:: Work task ::
Please set down, exactly, the line with "Aluminum Alloy Cabinet" and all lines that follow it through the end of the records below.

:: Data shown ::
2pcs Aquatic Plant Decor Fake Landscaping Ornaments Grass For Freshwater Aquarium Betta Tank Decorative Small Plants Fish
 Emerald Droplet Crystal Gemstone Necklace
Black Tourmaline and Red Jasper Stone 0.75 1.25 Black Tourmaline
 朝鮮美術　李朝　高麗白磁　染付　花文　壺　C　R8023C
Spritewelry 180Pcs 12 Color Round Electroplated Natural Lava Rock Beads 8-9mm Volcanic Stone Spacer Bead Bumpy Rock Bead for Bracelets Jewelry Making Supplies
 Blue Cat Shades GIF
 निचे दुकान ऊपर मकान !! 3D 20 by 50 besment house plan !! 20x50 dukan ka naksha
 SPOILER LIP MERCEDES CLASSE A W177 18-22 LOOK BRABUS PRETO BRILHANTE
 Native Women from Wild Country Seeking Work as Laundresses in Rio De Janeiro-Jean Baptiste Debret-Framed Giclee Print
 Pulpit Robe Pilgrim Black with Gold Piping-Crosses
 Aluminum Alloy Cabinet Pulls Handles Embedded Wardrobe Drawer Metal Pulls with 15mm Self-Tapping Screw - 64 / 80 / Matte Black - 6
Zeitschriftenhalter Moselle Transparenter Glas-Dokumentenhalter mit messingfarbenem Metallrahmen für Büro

:: Reply to the exercise ::
 Aluminum Alloy Cabinet Pulls Handles Embedded Wardrobe Drawer Metal Pulls with 15mm Self-Tapping Screw - 64 / 80 / Matte Black - 6
Zeitschriftenhalter Moselle Transparenter Glas-Dokumentenhalter mit messingfarbenem Metallrahmen für Büro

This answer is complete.